The film follows the story of two brothers who return to the strange commune where they spent their childhood. Justin and Aaron Smith (played by Benson and Moorhead, respectively) were taken in at Camp Arcadia as children after a tragic car crash took their mother’s life, but as the brothers reached adulthood, Justin persuaded Aaron to leave in search of a more mainstream existence.
We meet the brothers 10 years later, and life in the real world hasn’t been all that great. Money is tight, jobs are tedious and suddenly the security and camaraderie of Camp Arcadia doesn’t seem so bad, especially for Aaron. After a mysterious videotape greeting from the group shows up in the mail one day, Aaron persuades Justin to go back for a quick visit.

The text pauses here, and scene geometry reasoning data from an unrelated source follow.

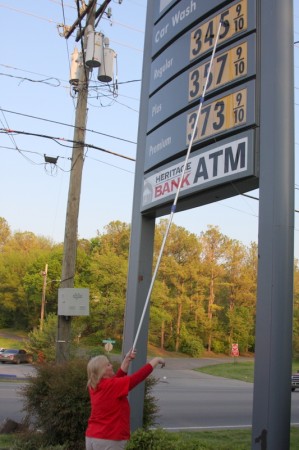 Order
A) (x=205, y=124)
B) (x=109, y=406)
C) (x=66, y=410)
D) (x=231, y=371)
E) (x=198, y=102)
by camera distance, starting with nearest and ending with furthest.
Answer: (x=109, y=406) → (x=205, y=124) → (x=198, y=102) → (x=66, y=410) → (x=231, y=371)

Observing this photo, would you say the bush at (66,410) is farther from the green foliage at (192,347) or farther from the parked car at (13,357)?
the green foliage at (192,347)

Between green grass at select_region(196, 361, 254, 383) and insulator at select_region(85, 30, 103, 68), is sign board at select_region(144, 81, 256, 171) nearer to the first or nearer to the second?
insulator at select_region(85, 30, 103, 68)

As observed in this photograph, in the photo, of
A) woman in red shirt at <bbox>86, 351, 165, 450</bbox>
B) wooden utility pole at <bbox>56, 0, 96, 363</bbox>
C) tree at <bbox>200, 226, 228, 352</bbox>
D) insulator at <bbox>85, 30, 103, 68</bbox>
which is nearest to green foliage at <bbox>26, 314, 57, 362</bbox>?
wooden utility pole at <bbox>56, 0, 96, 363</bbox>

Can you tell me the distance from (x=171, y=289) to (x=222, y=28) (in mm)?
56941

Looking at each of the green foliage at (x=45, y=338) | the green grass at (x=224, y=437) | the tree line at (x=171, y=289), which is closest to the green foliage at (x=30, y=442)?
the green grass at (x=224, y=437)

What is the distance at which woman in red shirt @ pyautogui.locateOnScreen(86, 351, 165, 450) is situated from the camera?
168 inches

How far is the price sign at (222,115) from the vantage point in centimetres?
561

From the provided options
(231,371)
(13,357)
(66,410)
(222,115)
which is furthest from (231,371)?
(222,115)

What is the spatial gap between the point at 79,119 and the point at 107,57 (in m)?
1.92

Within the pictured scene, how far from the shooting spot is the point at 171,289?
62.2 metres

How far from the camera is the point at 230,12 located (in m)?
6.11

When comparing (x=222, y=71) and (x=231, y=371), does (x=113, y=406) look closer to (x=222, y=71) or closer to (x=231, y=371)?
(x=222, y=71)

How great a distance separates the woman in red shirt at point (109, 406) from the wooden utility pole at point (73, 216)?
655 cm

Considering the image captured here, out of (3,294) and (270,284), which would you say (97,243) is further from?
(270,284)
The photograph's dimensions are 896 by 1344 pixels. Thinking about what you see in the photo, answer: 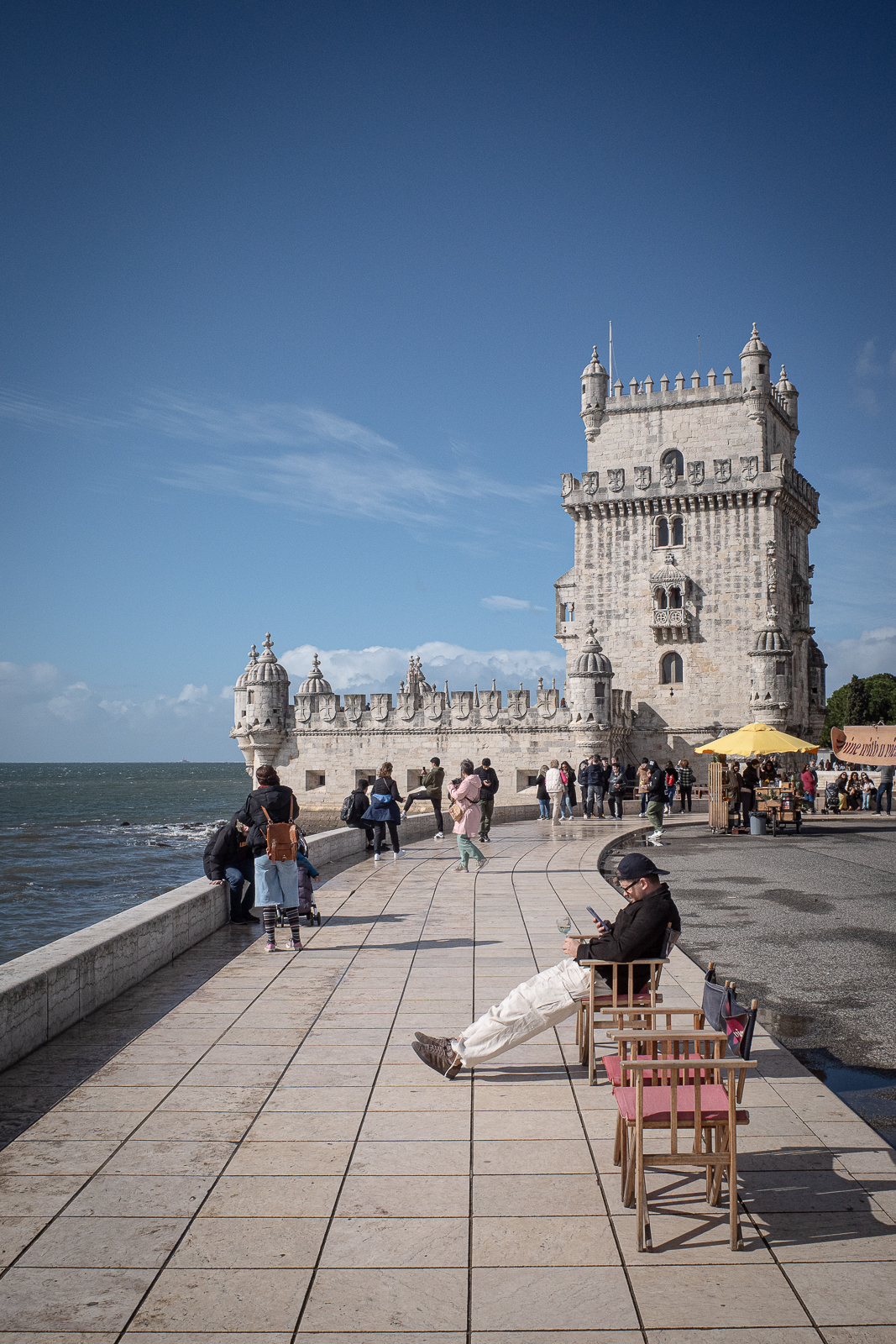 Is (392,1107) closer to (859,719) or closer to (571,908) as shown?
(571,908)

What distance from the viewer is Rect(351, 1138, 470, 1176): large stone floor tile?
4637mm

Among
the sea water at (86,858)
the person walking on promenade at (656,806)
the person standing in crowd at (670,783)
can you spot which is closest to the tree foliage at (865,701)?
the person standing in crowd at (670,783)

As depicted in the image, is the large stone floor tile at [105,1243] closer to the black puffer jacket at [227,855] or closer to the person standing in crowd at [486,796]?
the black puffer jacket at [227,855]

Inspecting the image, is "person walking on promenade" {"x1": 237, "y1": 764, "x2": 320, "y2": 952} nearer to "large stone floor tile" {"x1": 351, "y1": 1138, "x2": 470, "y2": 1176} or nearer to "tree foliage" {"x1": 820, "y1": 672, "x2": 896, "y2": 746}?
"large stone floor tile" {"x1": 351, "y1": 1138, "x2": 470, "y2": 1176}

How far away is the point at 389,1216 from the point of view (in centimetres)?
420

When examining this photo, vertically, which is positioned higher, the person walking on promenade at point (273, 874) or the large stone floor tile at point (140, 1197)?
the person walking on promenade at point (273, 874)

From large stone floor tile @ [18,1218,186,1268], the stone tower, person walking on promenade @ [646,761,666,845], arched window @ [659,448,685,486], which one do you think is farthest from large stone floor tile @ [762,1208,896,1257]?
arched window @ [659,448,685,486]

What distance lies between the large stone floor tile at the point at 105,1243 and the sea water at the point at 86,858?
1097cm

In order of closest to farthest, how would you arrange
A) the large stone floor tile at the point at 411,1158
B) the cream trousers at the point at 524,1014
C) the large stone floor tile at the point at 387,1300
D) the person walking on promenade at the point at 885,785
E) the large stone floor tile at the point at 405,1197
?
the large stone floor tile at the point at 387,1300, the large stone floor tile at the point at 405,1197, the large stone floor tile at the point at 411,1158, the cream trousers at the point at 524,1014, the person walking on promenade at the point at 885,785

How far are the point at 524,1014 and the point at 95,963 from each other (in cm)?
342

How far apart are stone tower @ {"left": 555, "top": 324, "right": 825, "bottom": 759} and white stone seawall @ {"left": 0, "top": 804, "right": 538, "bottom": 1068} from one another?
89.9 ft

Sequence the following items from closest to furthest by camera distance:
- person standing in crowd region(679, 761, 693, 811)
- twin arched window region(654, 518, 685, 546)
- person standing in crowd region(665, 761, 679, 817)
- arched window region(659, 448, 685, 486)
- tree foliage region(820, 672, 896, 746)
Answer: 1. person standing in crowd region(679, 761, 693, 811)
2. person standing in crowd region(665, 761, 679, 817)
3. arched window region(659, 448, 685, 486)
4. twin arched window region(654, 518, 685, 546)
5. tree foliage region(820, 672, 896, 746)

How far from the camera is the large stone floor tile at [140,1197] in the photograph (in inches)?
167

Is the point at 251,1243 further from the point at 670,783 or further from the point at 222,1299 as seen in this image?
the point at 670,783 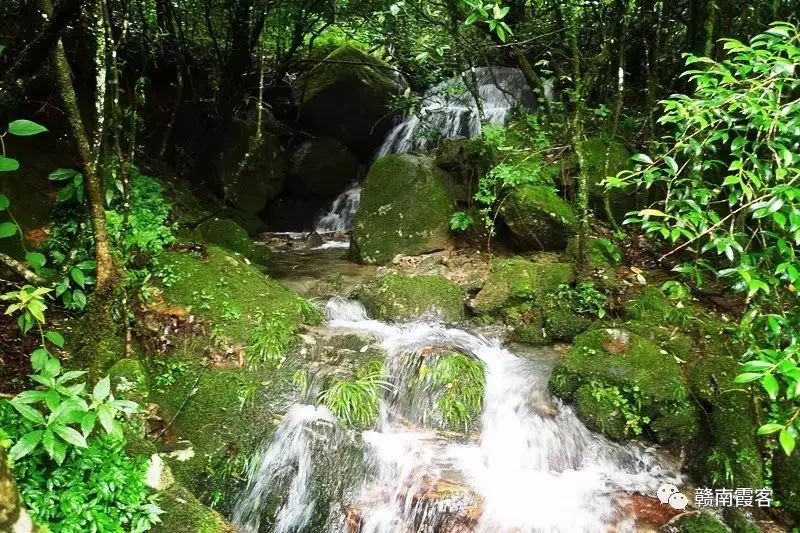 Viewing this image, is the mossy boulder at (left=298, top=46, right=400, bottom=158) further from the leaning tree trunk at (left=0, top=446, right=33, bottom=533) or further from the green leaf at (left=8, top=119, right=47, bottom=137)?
the leaning tree trunk at (left=0, top=446, right=33, bottom=533)

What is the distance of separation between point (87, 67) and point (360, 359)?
5.04 meters

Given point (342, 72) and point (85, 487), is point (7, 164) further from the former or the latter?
point (342, 72)

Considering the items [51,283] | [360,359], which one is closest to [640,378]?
[360,359]

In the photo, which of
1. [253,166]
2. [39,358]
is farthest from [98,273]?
[253,166]

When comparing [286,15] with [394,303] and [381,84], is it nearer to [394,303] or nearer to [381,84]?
[381,84]

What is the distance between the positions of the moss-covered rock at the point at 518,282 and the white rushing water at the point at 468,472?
135cm

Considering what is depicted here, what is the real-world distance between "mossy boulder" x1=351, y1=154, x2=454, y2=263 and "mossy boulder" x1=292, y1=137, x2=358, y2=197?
2.80m

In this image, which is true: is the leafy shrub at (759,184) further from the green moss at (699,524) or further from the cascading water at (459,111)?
the cascading water at (459,111)

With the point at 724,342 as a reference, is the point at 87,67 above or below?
above

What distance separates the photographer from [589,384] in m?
4.84

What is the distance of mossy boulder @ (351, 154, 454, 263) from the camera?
8.26 m

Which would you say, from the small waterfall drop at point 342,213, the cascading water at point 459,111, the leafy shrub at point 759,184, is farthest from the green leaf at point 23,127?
the small waterfall drop at point 342,213

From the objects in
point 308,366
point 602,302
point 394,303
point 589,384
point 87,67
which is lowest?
point 308,366

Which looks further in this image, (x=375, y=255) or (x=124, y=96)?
(x=375, y=255) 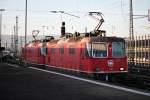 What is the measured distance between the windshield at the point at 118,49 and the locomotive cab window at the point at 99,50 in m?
0.66

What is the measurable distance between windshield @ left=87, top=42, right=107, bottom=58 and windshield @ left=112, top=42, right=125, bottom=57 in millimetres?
659

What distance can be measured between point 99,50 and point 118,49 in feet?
4.85

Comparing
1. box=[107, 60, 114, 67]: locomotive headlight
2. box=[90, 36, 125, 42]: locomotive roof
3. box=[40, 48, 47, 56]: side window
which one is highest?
box=[90, 36, 125, 42]: locomotive roof

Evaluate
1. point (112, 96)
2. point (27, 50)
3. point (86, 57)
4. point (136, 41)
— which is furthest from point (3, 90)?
point (27, 50)

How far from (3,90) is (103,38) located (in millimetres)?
10714

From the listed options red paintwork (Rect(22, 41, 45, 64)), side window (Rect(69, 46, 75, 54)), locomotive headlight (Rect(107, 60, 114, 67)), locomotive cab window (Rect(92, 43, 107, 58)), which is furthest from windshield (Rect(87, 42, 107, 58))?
red paintwork (Rect(22, 41, 45, 64))

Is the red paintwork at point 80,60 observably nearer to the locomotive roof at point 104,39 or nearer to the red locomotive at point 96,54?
the red locomotive at point 96,54

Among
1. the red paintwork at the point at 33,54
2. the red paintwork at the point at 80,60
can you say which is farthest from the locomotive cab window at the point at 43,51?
the red paintwork at the point at 80,60

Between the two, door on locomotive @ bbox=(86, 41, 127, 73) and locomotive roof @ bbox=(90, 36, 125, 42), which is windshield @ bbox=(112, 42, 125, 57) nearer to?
door on locomotive @ bbox=(86, 41, 127, 73)

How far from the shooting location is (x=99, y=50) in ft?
82.8

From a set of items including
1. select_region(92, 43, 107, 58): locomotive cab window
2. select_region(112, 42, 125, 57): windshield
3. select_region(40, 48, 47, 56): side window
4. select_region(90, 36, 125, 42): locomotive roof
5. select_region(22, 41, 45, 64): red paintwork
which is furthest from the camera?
select_region(22, 41, 45, 64): red paintwork

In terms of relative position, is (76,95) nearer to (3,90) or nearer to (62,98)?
(62,98)

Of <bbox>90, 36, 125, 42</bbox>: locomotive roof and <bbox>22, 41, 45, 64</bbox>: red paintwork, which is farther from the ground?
<bbox>90, 36, 125, 42</bbox>: locomotive roof

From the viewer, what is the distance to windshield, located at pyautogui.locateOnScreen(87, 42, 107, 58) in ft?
81.7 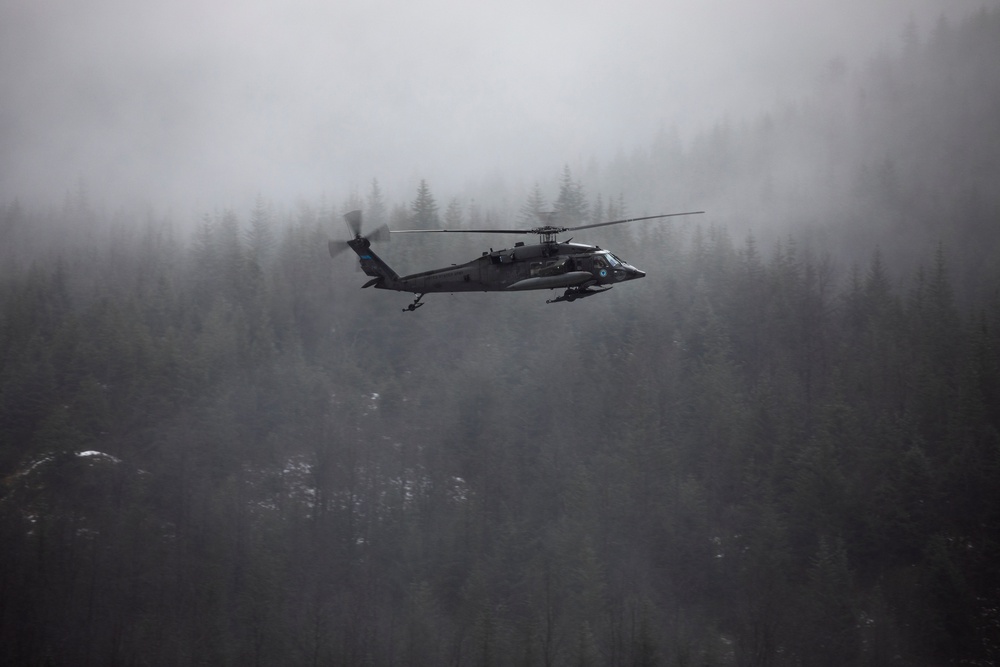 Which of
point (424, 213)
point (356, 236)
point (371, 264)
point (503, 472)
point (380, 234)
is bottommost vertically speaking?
point (503, 472)

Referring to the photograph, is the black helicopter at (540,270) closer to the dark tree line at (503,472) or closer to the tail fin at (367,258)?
the tail fin at (367,258)

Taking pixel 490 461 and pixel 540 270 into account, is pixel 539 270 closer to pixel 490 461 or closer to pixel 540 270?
pixel 540 270

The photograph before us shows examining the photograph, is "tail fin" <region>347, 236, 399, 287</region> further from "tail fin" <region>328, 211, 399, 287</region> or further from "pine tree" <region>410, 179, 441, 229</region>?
"pine tree" <region>410, 179, 441, 229</region>

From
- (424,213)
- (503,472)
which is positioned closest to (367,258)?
(503,472)

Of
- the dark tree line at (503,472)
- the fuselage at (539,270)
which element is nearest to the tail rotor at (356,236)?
the fuselage at (539,270)

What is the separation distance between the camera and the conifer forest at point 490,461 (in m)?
70.6

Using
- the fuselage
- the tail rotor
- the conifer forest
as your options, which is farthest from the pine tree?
the fuselage

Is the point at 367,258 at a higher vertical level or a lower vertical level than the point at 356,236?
lower

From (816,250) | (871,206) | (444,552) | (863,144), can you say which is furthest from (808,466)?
(863,144)

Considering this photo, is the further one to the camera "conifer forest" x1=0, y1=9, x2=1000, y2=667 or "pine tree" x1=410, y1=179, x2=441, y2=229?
"pine tree" x1=410, y1=179, x2=441, y2=229

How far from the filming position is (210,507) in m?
78.9

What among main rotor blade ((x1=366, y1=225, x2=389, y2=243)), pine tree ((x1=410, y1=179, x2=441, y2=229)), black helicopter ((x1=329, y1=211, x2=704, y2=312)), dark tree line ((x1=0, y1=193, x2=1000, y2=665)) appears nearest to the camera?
black helicopter ((x1=329, y1=211, x2=704, y2=312))

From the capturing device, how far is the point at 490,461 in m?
83.1

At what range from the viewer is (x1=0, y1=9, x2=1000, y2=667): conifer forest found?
2778 inches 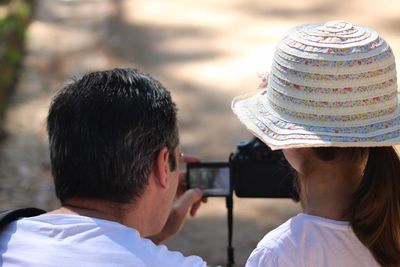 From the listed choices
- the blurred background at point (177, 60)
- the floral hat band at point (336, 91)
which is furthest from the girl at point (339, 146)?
the blurred background at point (177, 60)

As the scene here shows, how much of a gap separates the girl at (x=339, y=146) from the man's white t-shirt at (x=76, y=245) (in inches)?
11.7

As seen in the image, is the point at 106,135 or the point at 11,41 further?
the point at 11,41

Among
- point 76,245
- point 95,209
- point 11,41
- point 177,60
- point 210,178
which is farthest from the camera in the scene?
point 177,60

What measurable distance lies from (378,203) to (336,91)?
28cm

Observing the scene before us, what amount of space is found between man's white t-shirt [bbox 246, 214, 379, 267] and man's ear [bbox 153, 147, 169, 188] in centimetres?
27

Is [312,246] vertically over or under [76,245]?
under

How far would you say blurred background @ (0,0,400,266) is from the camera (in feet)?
16.6

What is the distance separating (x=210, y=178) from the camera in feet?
8.84

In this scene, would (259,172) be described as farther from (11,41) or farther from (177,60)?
(11,41)

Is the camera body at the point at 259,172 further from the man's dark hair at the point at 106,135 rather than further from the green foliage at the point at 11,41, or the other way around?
the green foliage at the point at 11,41

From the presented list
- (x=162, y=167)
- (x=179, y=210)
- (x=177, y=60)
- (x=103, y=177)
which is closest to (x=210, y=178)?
(x=179, y=210)

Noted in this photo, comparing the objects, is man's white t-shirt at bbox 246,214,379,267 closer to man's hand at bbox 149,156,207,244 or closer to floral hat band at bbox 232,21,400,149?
floral hat band at bbox 232,21,400,149

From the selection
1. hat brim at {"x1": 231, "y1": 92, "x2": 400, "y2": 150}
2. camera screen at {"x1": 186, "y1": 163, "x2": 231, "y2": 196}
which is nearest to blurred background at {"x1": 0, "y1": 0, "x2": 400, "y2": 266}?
camera screen at {"x1": 186, "y1": 163, "x2": 231, "y2": 196}

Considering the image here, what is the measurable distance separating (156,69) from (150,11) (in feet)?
6.14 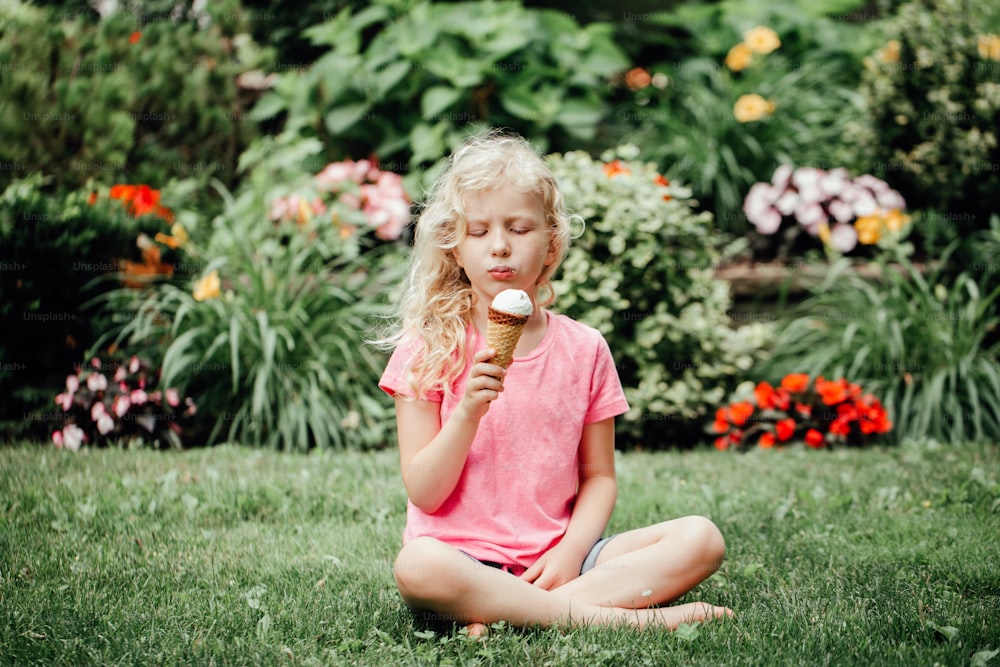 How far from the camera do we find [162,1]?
8.24 meters

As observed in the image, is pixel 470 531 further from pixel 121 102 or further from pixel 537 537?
pixel 121 102

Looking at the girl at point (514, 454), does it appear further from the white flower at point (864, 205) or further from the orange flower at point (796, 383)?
the white flower at point (864, 205)

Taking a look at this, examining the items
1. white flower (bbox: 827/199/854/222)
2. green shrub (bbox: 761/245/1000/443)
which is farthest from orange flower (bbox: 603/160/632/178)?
white flower (bbox: 827/199/854/222)

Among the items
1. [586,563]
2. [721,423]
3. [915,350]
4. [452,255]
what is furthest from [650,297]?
[586,563]

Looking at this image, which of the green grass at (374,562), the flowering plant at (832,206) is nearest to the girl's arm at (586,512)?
the green grass at (374,562)

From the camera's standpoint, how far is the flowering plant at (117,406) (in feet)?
16.1

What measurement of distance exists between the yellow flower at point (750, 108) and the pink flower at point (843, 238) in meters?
1.32

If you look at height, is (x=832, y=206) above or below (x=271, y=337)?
above

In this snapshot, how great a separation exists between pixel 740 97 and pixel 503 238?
18.4 ft

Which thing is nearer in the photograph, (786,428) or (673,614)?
(673,614)

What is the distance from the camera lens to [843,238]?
21.3 feet

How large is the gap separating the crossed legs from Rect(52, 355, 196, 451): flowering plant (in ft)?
9.69

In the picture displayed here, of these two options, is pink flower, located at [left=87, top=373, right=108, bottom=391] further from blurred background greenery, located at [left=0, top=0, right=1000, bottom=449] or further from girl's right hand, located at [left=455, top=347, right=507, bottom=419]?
girl's right hand, located at [left=455, top=347, right=507, bottom=419]

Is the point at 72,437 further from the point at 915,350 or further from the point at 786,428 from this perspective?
the point at 915,350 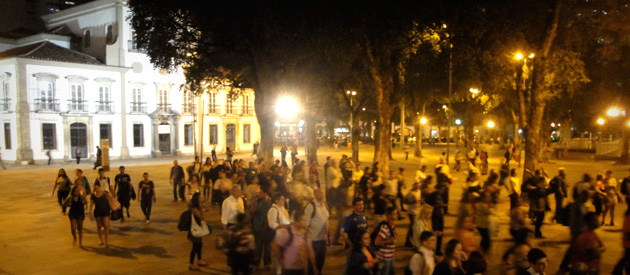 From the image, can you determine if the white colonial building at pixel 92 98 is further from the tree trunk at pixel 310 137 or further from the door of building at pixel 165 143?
the tree trunk at pixel 310 137

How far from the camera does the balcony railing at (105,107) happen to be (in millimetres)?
38906

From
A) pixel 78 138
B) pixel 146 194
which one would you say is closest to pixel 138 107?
pixel 78 138

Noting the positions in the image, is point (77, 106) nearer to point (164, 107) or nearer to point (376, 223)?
point (164, 107)

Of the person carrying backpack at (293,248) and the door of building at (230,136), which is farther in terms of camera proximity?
the door of building at (230,136)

Justin is understandably hesitant, since aside from the obvious risks, he went out of the way to paint the group in as negative a light as possible with the local media. But when Justin and Aaron arrive at Camp Arcadia, which apparently survives off the profits of a homegrown brewery, they find open-armed forgiveness and a lifestyle that feels more like a summer camp, with archery stations, games and smiles.
Naturally, that’s when strange things start to happen. Flocks of birds fly in bizarre circles, and one character always seems to be stalking through camp in a bad mood. Even more strange, Justin notices that no one at the camp seems to have aged since they left 10 years earlier, which makes it especially unsettling when Aaron starts to develop a relationship with a camp member (Callie Hernandez) 20 years his senior. “Nothing here ends,” the brothers are told cryptically.
The brothers notice other strange phenomena as well, and, for everything that seems down to earth, the folks at Camp Arcadia still worship a mysterious entity that lives in the forest — an entity they claim communicates through photographs and magically appearing videotapes.
Bit by bit, “The Endless” transitions from low-key drama into science fiction territory as the brothers gradually learn what is really going on at the camp, and the story unfolds in an intriguing way that will keep you guessing as to what is going on.
The interesting premise and the measured storytelling style help “The Endless” overcome the limitations of its modest budget, and even if the final outcome isn’t hugely satisfying, the film should be a nice option for genre fans.
Speaking of which, “The Endless” isn’t quite a horror film, resting more in the sci-fi thriller realm. Its violence and gore come in at PG-13 levels, and the film would only qualify for an R rating thanks to some intermittent profanity, which seems pretty unnecessary.
Overall, “The Endless” does a good job with what it has and nods toward promising future work from Benson and Moorhead.
“The Endless” is not rated, but would likely draw a PG-13 for violence and gore; running time: 111 minutes.